Few Try

There are two caveats when it comes to going beyond rules in your work and building an interesting life that suits you:

  1. Failure is under-reported. A success is a great story and will be covered in the news, shared in books and speeches far and wide. A failure won’t get any coverage at all, unless you’re talking to your best friend (or your counselor). Learning almost exclusively about success makes you biased towards trying, putting the availability heuristic into play – which gives you an inflated expectation of success.
  2. Here’s the flipside, though: Few try. Despite the availability heuristic, almost nobody actually stops doing what she’s expected to do and starts doing what she wants to do instead. Almost nobody even considers going beyond rules; even less pull through with it.

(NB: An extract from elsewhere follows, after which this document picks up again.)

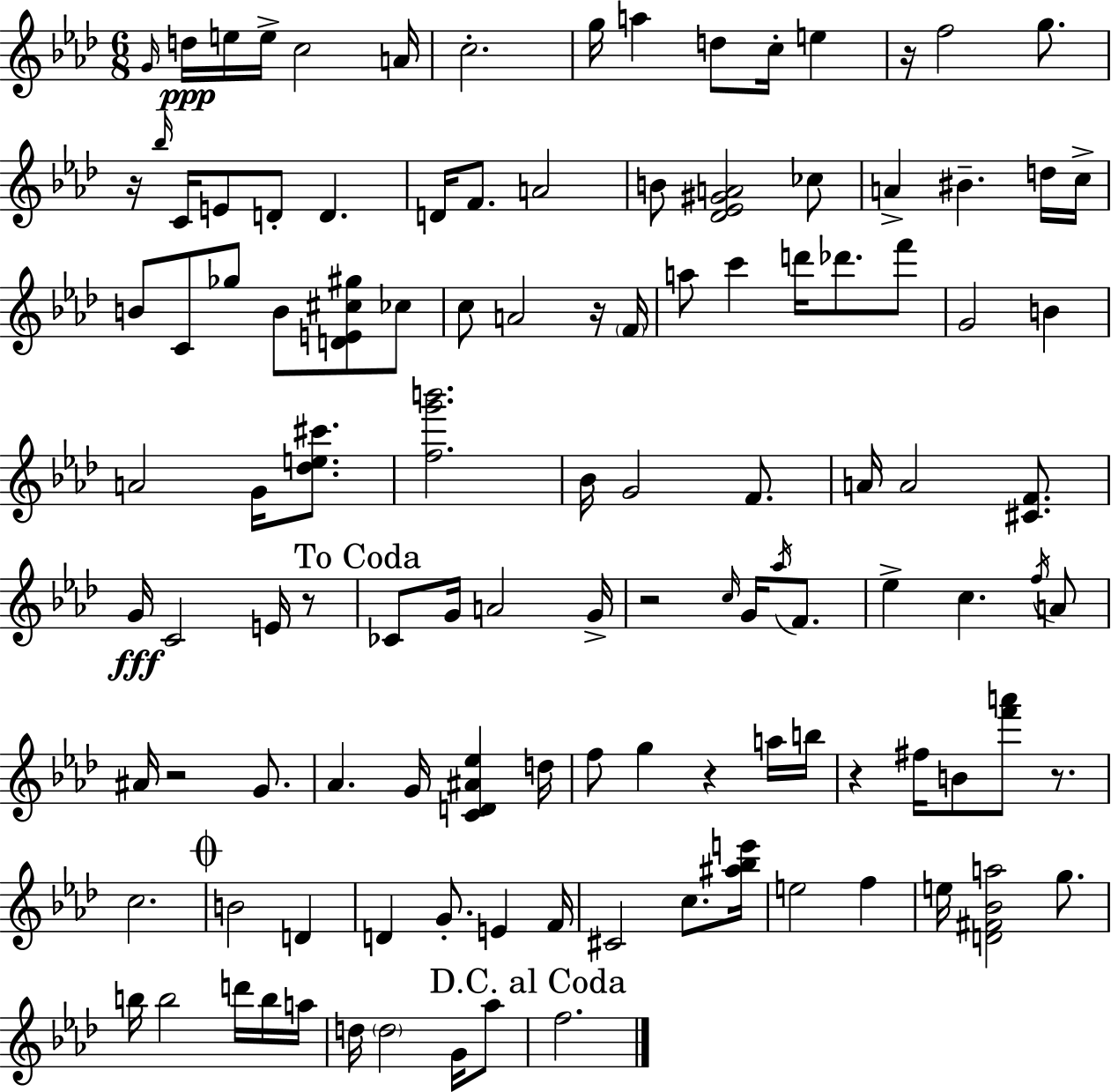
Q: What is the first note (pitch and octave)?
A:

One more thing: While the availability heuristic does indeed matter, it entails another dimension: It is biased towards the superstars.

It’s extremely memorable to see how Paul Potts goes from mobile phone salesman to opera singer after a remarkable presentation on a horrible TV show, cashing in several million bucks. But you seldom see people who took a leap of faith years ago and are “merely” doing fine. They may not be rich, beautiful and famous. But they are making a living. They love their life. They have found meaning in it, and they live up to it. ((To prove my point, who does know what Paul Potts is doing right now? That TV show happened about six years ago. I hope he’s still happy!))

If this kind of people are introverts, they might never tell anyone outside their immediate families. They might just not think of it as a big deal. If you live in a little town or operate within a smaller peer group, chances are you’ll never hear about any of them – even though there are, indeed, millions!

So how about your specific area, your very own dream? Your plan to revolutionize the modern art scene with putty and polaroids? Won’t that be impossible?

Think about this: Even if you’d have to be “one in a million” to make it, that would still mean that there is a place for more than 7.000 people in this world doing that exact thing.

Few actually try to do it. How about you?